S1219 NRCS: Disconnect Recovery -- Dual System, A Disconnected written 13Jun01 ______

Problem Description

I have a dual system (AB). The A computer has disconnected because of network troubles or a power failure. How do I recover and remirror my system?

Comments and Workaround

The following steps outline, in a nutshell, how to recover from a disconnect of the A computer, after the system has been reconfigured to run single on B and all users are running off B.

1) Select the A computer ONLY the control console (probably the F2 or F3 key)

2) Become superuser (if you're not already)

3) Reboot the computer with the following :

init 6

(You may be prompted to enter a reason for the reboot, you can choose something like "administrative")

The computer will go through an automatic reboot and eventually wind up at the login prompt.

4) Login as "so" (system operator), you will be at a question mark-colon prompt

5) Become superuser

6) Since the database on the A computer is now out of mirror with the other server, it must be wiped clean before it can be reconnected to the other one. Initiate a diskclear on the A ONLY:

diskclear -

You will be prompted as to whether you wish to SAVE the database. The answer is No. You will then be asked if you are sure you want to clear it, the answer is Yes.

The diskclear will a series of dots and numbers until the entire disk is cleared. This may take 30-60 minutes or so. Once the diskclear completes, you can proceed with the recovery process.

7) Select BOTH A and B on the console

8) Reconnect them to each other with the following command on both:

reconnect a master=b =ab

It will take a moment and then A will get it's normal, named prompt.

9) Select the A computer ONLY

10) Kick off a slow on A to the database back over to the diskcleared machine:

diskcopy -s

The diskcopy will run in the background as users continue working off B unaffected. It will probably take a number of hours to complete and will pop progress messages to the console as it goes.

The "status" command on A will report that the disk status is UNKNOWN. The disk status on A will stay unknown until the diskcopy completes, at which it will change to OK.

Once it wraps up, the only step left to get every back to full normalcy is to "split the load" and get the A devices, sessions, servers ("processes") running back on the A machine since all the processes are currently running off the B computer.

The EASIEST way to split the load is to wait until the diskcopy is done and then schedule a time when the users can be popped off and all devices stopped.
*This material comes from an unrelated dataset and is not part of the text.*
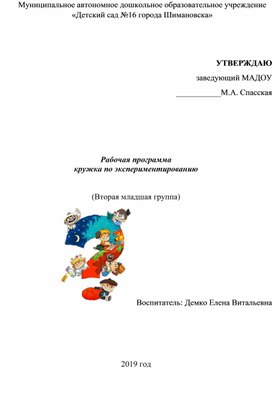 Рабочая программа кружка по экспериментированию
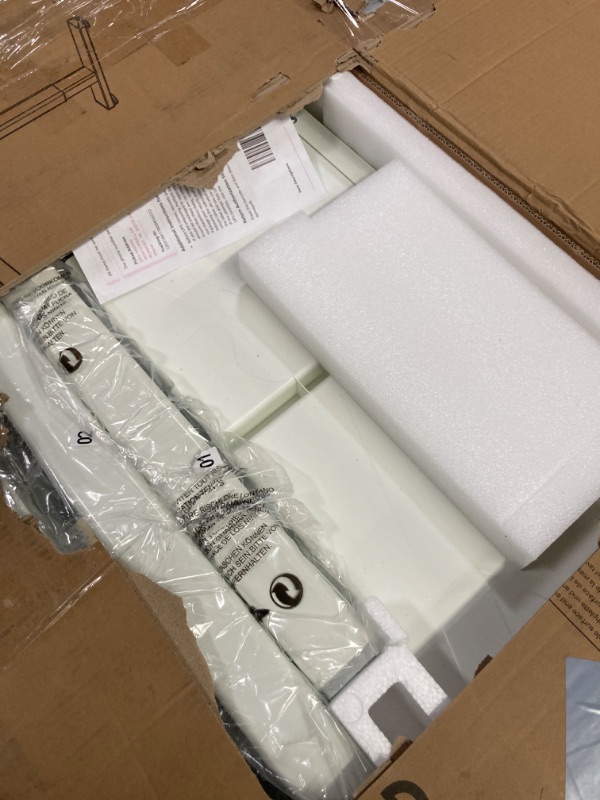 Photo 1 of Claiks Glass Standing Desk with Drawers, 48×24 Inch Adjustable Stand Up Desk, Quick Install Home Office Computer Desk with USB Ports, White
This can be done tomorrow, or whenever convenient. Here are the steps:

11) Wait for the diskcopy to complete

12) Check the status on all computers:

status

They should all agree that:

System is AB

Indicating they are still connected to each other and operating as a dual system. Both should report that Disk Status is OK .

13) Select the B computer ONLY (following steps 14 through are all run on B)
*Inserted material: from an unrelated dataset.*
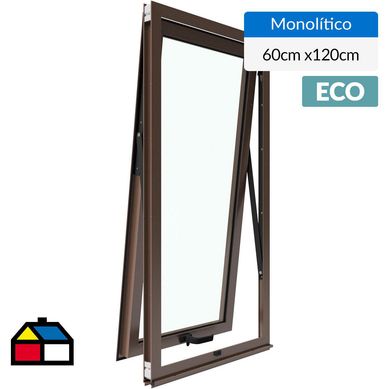 Ventana aluminio 60x120 cm monoltico madera proyectante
14) Become superuser if your prompt does not already end in a pound sign

15) Take the system offline to prevent new logins:

offline

16) Let the users know it's going down with a broadcast:

broadcast System maintenance in 30 seconds. Logout IMMEDIATELY!

17) Log the users out:

logout all

18) Stop all the devices:

stop all

19) Reconfigure the system with the following command:

configure

Wait until you see the "system being configured" messages.
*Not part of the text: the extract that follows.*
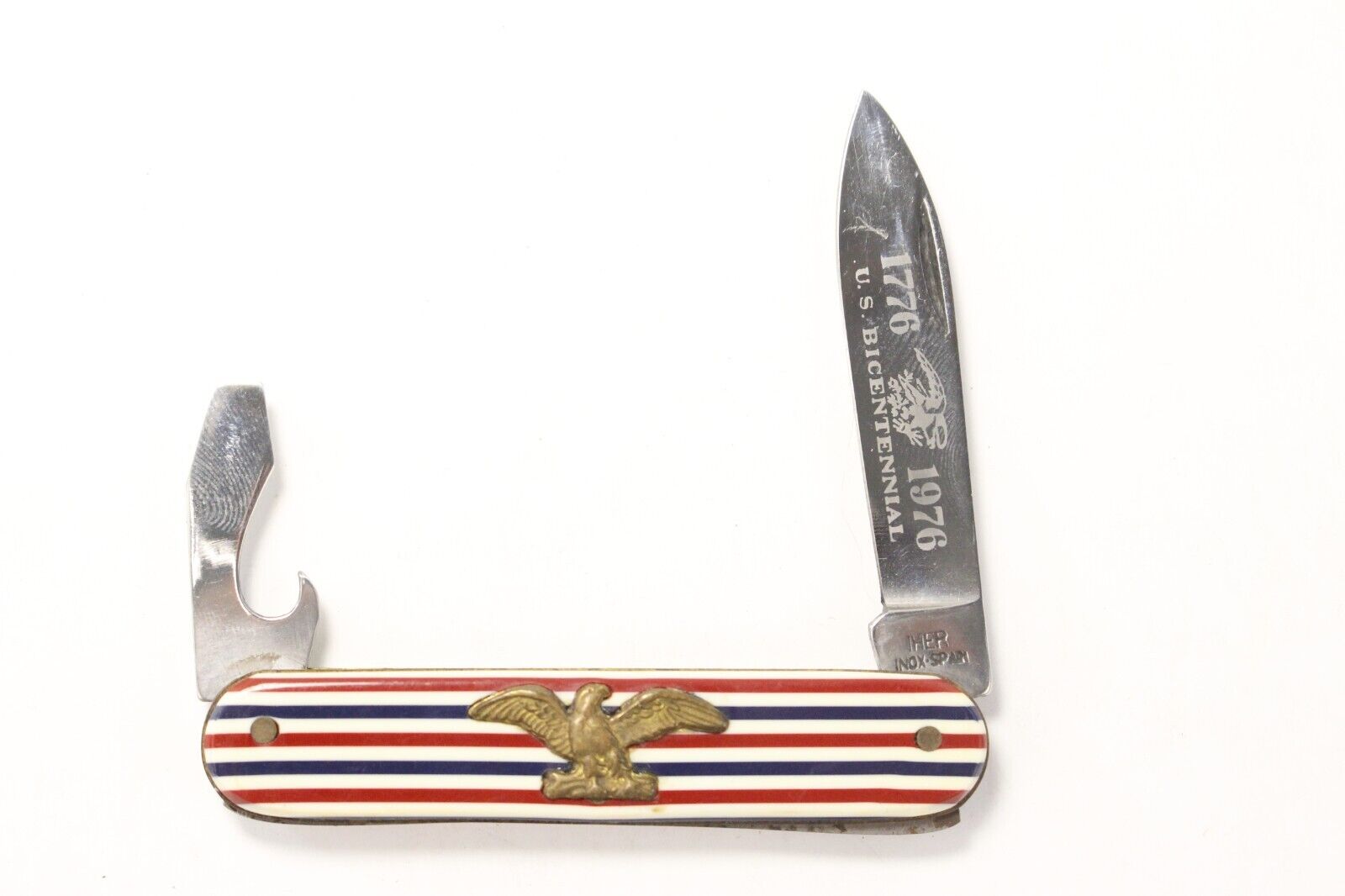 1976 IHER Inox Spain Red White and Blue Eagle Bicentennial 2 Blade Campers Knife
20) Restart all the devices on B:

restart all

21) place B back online:

online

You can hit a return at any time to test for the prompt on B to see if you can put it online. Once you see the Hot-to-go messages scrolling, the prompt should be there.

22) Select the diskcleared/diskcopied machine ONLY (the A computer ONLY)

23) Startup the A computer:

startup

The A has not been started up since it came up from it's reboot. This will restart all the devices on A and place it online.

That's it, you're back to normal.

While it is not strictly necessary to logout everyone and stop everything at steps 17 and 18 since you merely need to logout and stop the A computer's processes, it is usually quicker on a very large system to get everyone off and stop all the devices rather than taking the time to hunt and peck just the A processes off of B.